The elementary schools have had lead teachers for years — to the best of my recollection — almost 15. I was the very first lead teacher appointed.
The then-principal and superintendent brought the idea to the Board of Education and argued that with the growth of the elementary schools the burden on the principals was overwhelming.
I'm sure the role has changed over the years but initially the purpose was to handle issues not necessarily required by a principal — or, more precisely, someone with an administrator's certificate.
Things like discipline problems, bussing issues, scheduling, technology related tasks, budgeting, working with the PTA, etc. were all jobs I took on.

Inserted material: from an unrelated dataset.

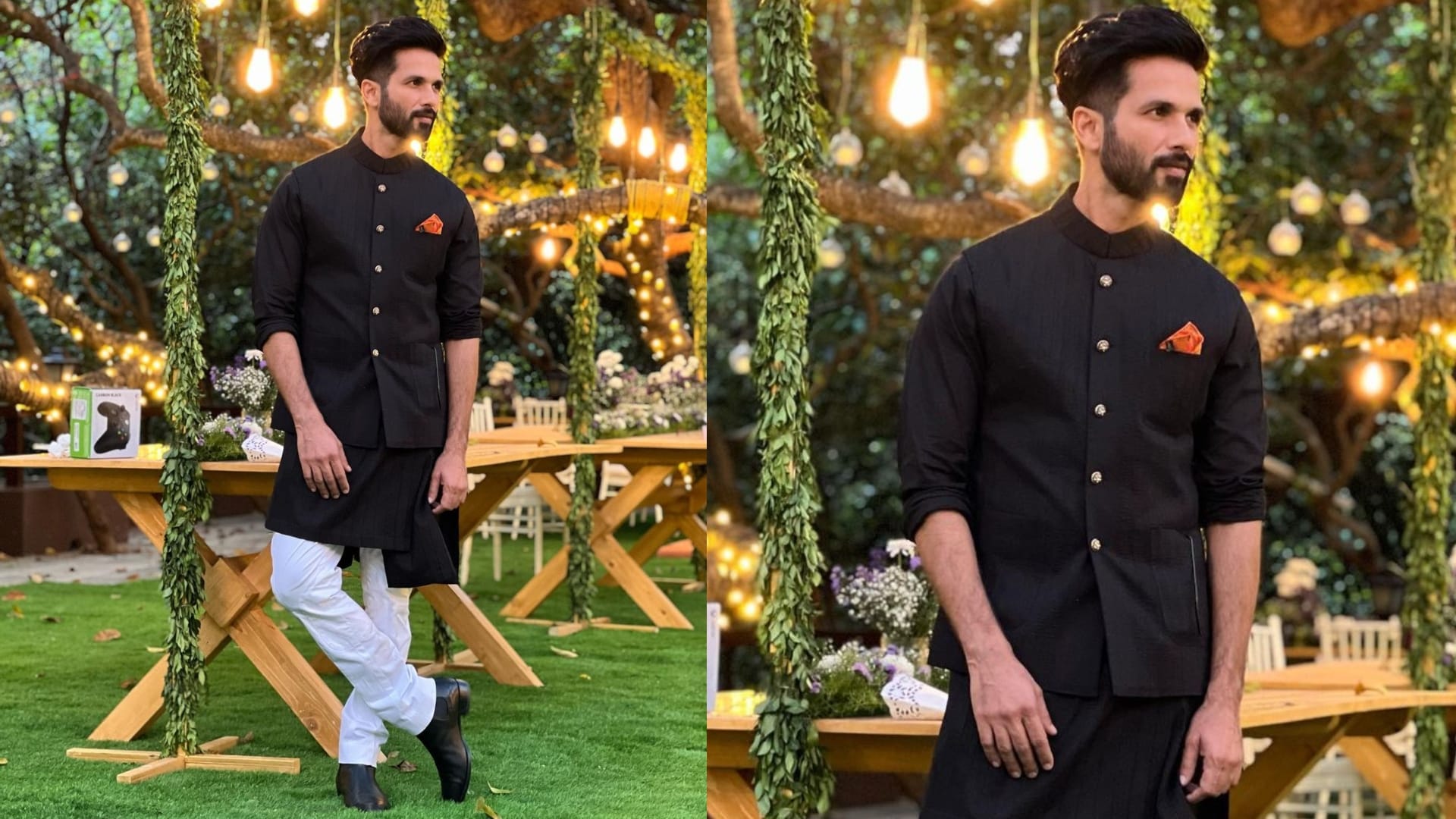 Fashion Tips Wearing Black in Summer Know How to Style Dark Outfits Smartly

At no time was I ever called upon to evaluate teachers. That was the lone province of the principal, or administrator.
Therein lies a source of misunderstanding. Lead teachers are not administrators. They can not make the decisions or perform the tasks required by a certified administrator.
As a result of the success of my year as lead teacher, the superintendent and Board of Education decided to extend the position to the other elementary schools. For whatever reason, the then-principal of Head O'Meadow declined the offer.

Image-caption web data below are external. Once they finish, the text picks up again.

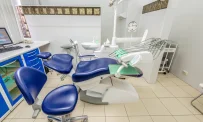Стоматологическая клиника «Квинта» фотография 7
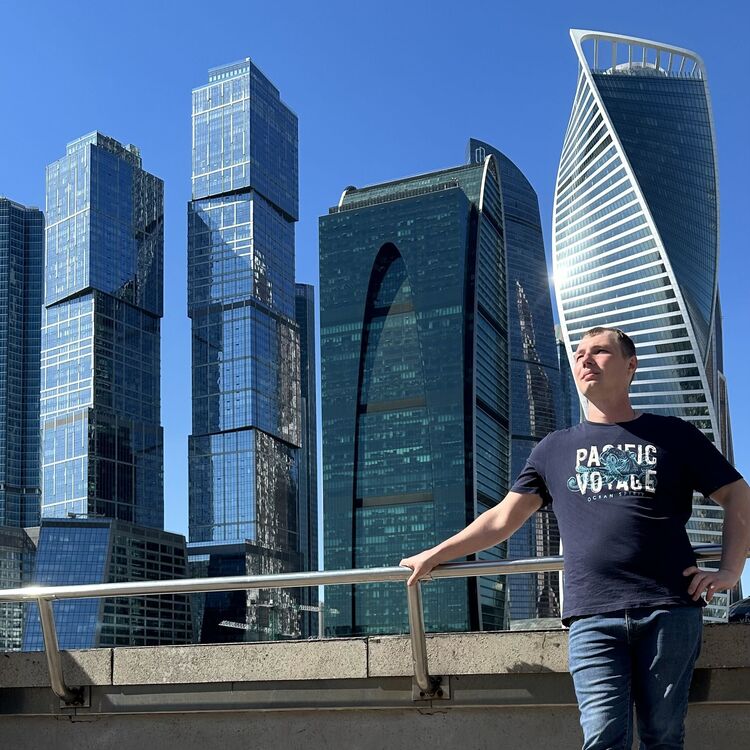 ���������� ������, ���� ������� ����, 32 ����, ������������ ��� ������, ����� � ���������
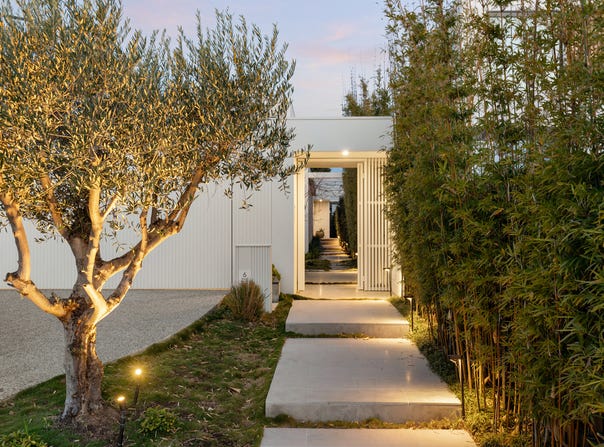 6 James Street, Brighton, Vic 3186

In the meantime, Sandy Hook School's enrollment grew and therefore its faculty, so it was decided to appoint an assistant principal to replace the lead teacher position.
This way it would be possible for the principal to have help with the time-consuming task of evaluating faculty.

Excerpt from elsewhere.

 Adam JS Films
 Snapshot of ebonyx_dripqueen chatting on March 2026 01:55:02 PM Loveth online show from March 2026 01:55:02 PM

And that's the way it continued — until now. Unlike the previous principal, the new principal at HOM decided it would be to the school's (read students) advantage to have a lead teacher.
So, what's the problem? It's not like there's anything new going on here.
If anything, I suppose there should have been more of an effort to explain the history of this to parents.
Fine, we can acknowledge that, but why are the board and some parents upset with the superintendent's way of handling the appointment?
Let's be realistic. The only two people who have a clue as to who would be a suitable lead teacher are the superintendent and the principal of the school involved.
Previously it was always the superintendent and principals who handled staffing assignments.
Let's cut the superintendent a little slack here, folks. She's doing her job. Do parents and the Board really want to get into the business of "micromanaging?" I sure hope not.
Politics, politics, politics. It's pathetic!!!